Slane's final career appearance occurred on 16 April 2016, a goalless home draw against East Fife. Immediately after coming on as a 74th-minute substitute, Slane asked the referee how long was left in the match. "I never heard that, but Bob heard it," said Barry Ferguson four years later, "and Bob never said anything to me until after the game. Bob says he's run on, he's run past the ref — he's not even been on for two minutes here — 'How long to go?' I would have taken him straight off." Slane explained: "I had taken co-codamol right before I went on, and when I was running I felt like I was running in slow motion. I remember thinking, 'I'm the final sub here; there's nobody who can come on for me.'"

===Open Goal Broomhill===
After six years of retirement, during which he began a career as a media personality with Open Goal, Slane returned to football to play for their new side, Lowland League club Open Goal Broomhill, on a one-year deal under manager and fellow Open Goal podcaster Simon Ferry.

==Media career==
In 2019, Slane began appearing in videos for Open Goal's YouTube channel, and would soon become a regular to the channel, having previously appeared in the channel's podcast Keeping the Ball on the Ground, along with his former Celtic teammate Simon Ferry, Kevin Kyle and Andy Halliday. Open Goal has received a large cult following in Scotland, and won 'Best Podcast' at the 2019 Football Blogging Awards. Slane has received praise for his 'maverick' personality, earning a cult following of his own as a "horny winger".

==Personal life==
A couple of months after leaving Celtic with a £10,000 pay-off, Slane appeared in the Scottish tabloid press as a result of a four-day bender in Amsterdam with friends. Compromising pictures of him appeared on Twitter which he initially claimed were faked but later admitted were real.
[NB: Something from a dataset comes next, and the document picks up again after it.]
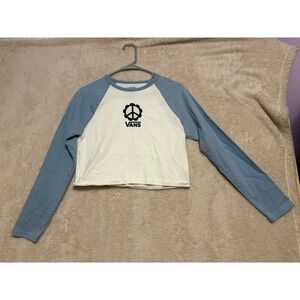 Vans Peace Sign Long Sleeve Crop Raglan Tee White Blue Size Medium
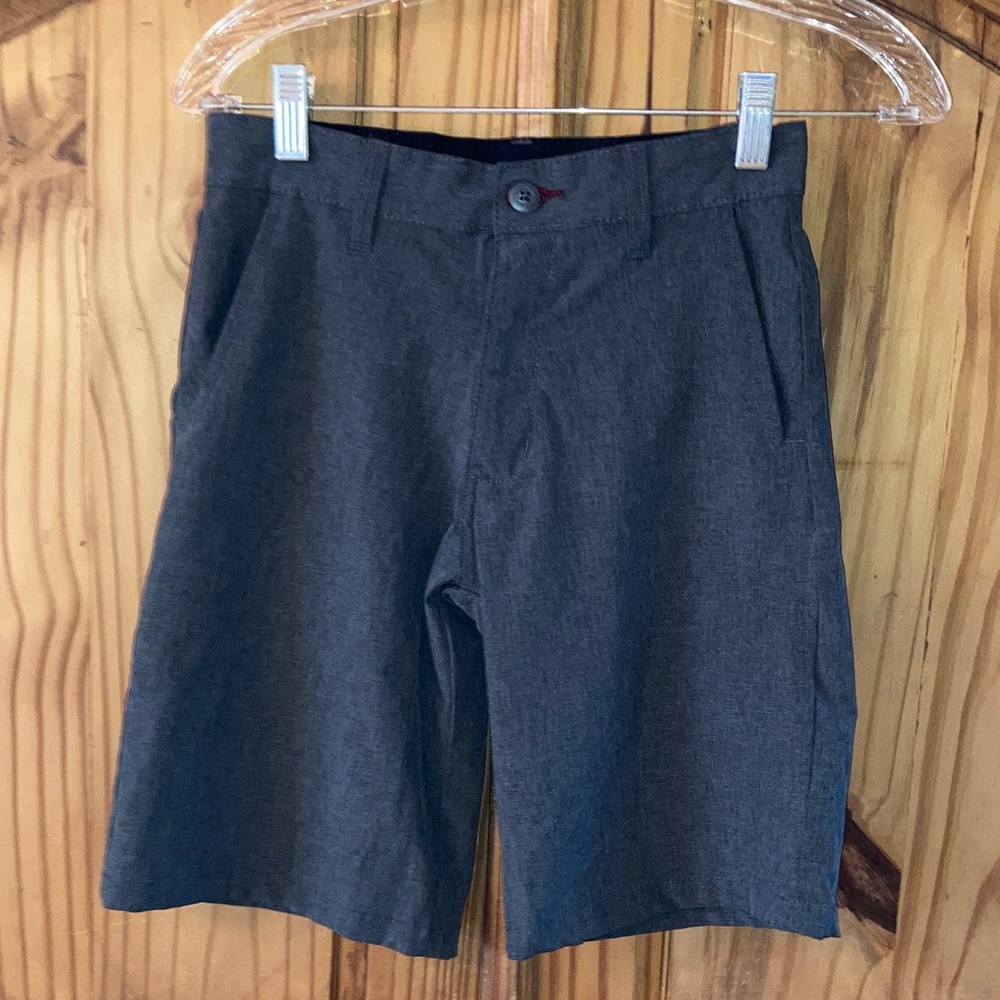 Boys Ron Jon Surf Shop gray flat front chino shorts size 24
Slane had initially intended to spend his pay-off from Celtic to fund a hip operation, but ended spending most of it on nights out and the trip to Amsterdam.

In 2017, he had been on the dole and delivering parcels with a friend around Lanark. "There was a forest there with caravans, and I used to say to him, 'Drop me off there. You deliver the parcels and I'll meet you back here'. So I used to just sit there, enjoying the nature, and always prayed that people came out of the caravans, just so that I could talk to somebody." While there, Slane received a call from Simon Ferry, who asked if he wanted to join the Keeping the Ball on the Ground podcast. "My mate came back, and I was partying in his van on the way home, going wild."